Period: 20 – 26 March 2021
Top news story: There have been many events this week, each of which could claim the headline news. For example, the correlation ratio between the three major indices in the US dropped sharply (S&P 500, Dow Jones Industrial и Nasdaq Composite):
This is a consequence of the rapid outflow of capital from technology stocks to traditional ones.
The volume of stock options fell sharply:
This means that households are not willing to invest in the stock market funds received from the State. The likelihood of significant adjustments has thus increased significantly. Serious problems in Turkey’s Financial Markets. The 10-year bonds of this country surged harshly in price:
In fact, they’re being sold out. Turkey’s economy is serious enough, even if it is regional in scope, and its decline does not bode well.
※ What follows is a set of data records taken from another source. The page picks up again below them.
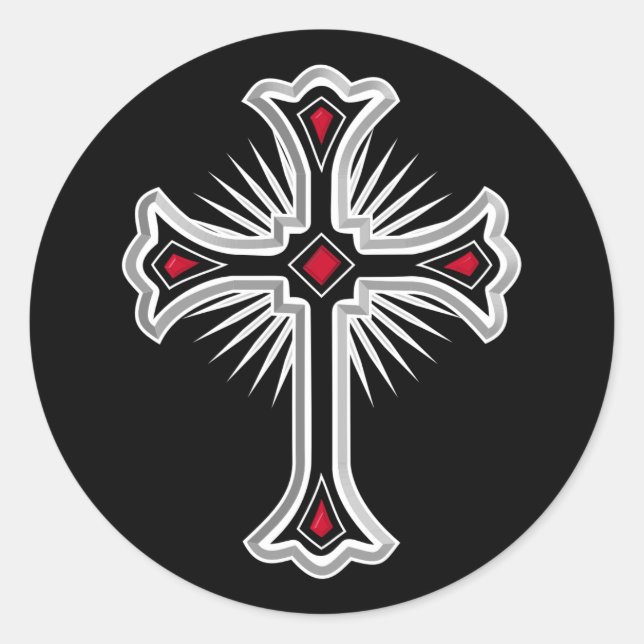 Sticker Rond Croix chrétienne (Devant)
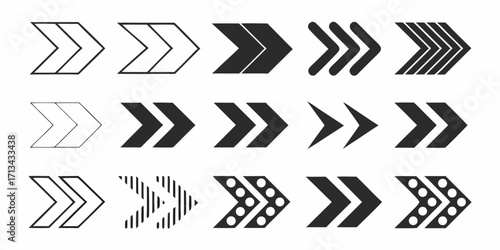 Collection of diverse arrow designs pointing right with varying styles and fill patterns displayed neatly | editable eps vectors silhouette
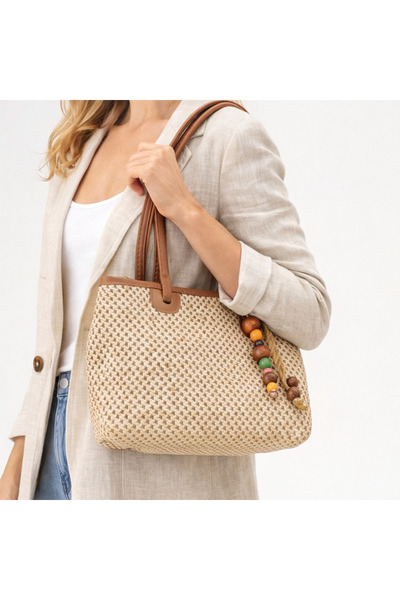 kikiriktekstil 10866 Γυναικεία δερμάτινη τσάντα με ψάθινη διακόσμηση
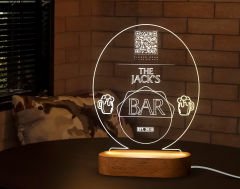 BK Gift Restoran & Cafe & Barlara Özel Led Lamba QR Kod Menü, Işıklı QR Menü, QR Kodlu Masa Dekoru, Işıklı Pleksi Biblo-9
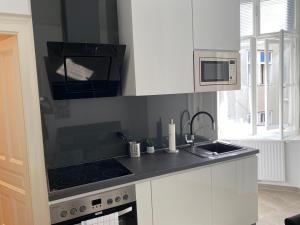 kuchnia z kuchenką i kuchenką mikrofalową w obiekcie MQ Appartement w Wiedniu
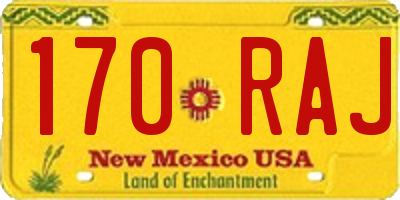 NM license plate 170RAJ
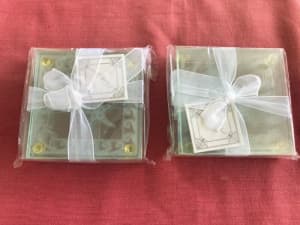 NEW - 2x Clear Glass x4 Coaster Sets - $09 (each)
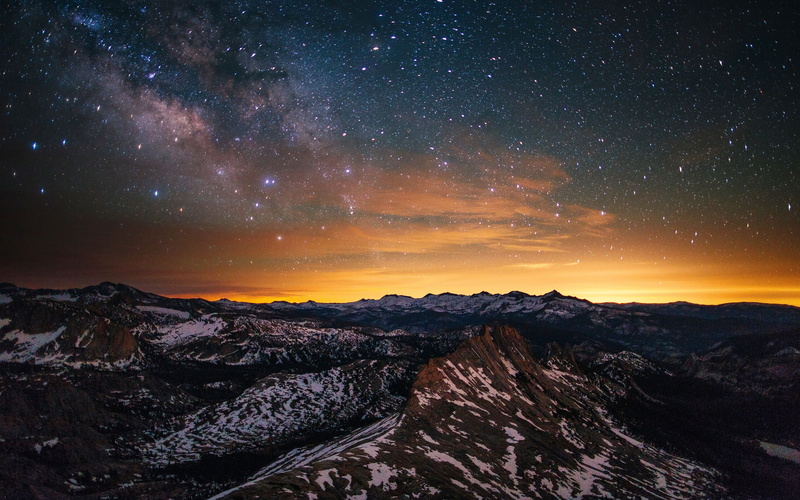 starry, astronomy, 4K, night, tranquility, photography, idyllic, space, galaxy, sky, tranquil scene, k, desktop, landscape, star - space, snow, no people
But the big news, of course, was the blocking of the Suez Canal, through which 10% of world trade goes:
A huge number of ships waiting for passage can be viewed in the lower right-hand corner of the photo, and in the upper-left-hand corner – a stuck container ship (source – Bloomberg). The problem is not really the stalled vessel, but how much without any effort it has been possible to have a very serious impact on world trade. In today’s world, this alone may be the trigger that will push the collapse of financial markets.
Macroeconomics
The index of national activity of the Federal Reserve Bank of Chicago in February fell to its lowest since April:
The US deficit in the balance of trade in goods in February was the highest in 66 years of observation:
In UK, jobless claims rose at the worst rate since May 2020 in February:
And employment declined for the 10th month in a row:
New home sales in the United States fell to a 9-month low in February:
The annual growth of South Korea’s PPI (Producer Price Index) in February peaked in October 2018:
And Britain is at its highest since January 2020. Not surprisingly, Britain’s retail balance remains at extremely low levels (-45%):
Mexico’s annual decline in retail sales is the worst in five months (-7,6%), as is its monthly GDP:
Personal income in the United States in February was -7,1% per month (December incentives were down) – a record low in 62 years:
Consequently, personal spending also slumped by 1%:
The Central Bank of China did not change monetary policy, nor did the Central Bank of South Africa.
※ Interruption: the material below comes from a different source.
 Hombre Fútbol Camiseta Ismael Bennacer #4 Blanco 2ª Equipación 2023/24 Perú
Summary: On the whole, it is easy to see that the world economy is deteriorating rapidly. By the way, the statistics on US household income quoted in the previous section make it immediately clear why the US is talking about new incentives. The problem lies solely in the impotence of these incentives.
It is for this reason that the main news becomes those that advance the moment of potential collapse. Of course, one can be optimistic and say that the situation will begin to improve with the start of the new quarter, but the logical question is, why? So far, no objective indicators of improvement have been seen, and there is no basis for economic growth.
We wish all readers of our review a happy weekend and a fruitful work week!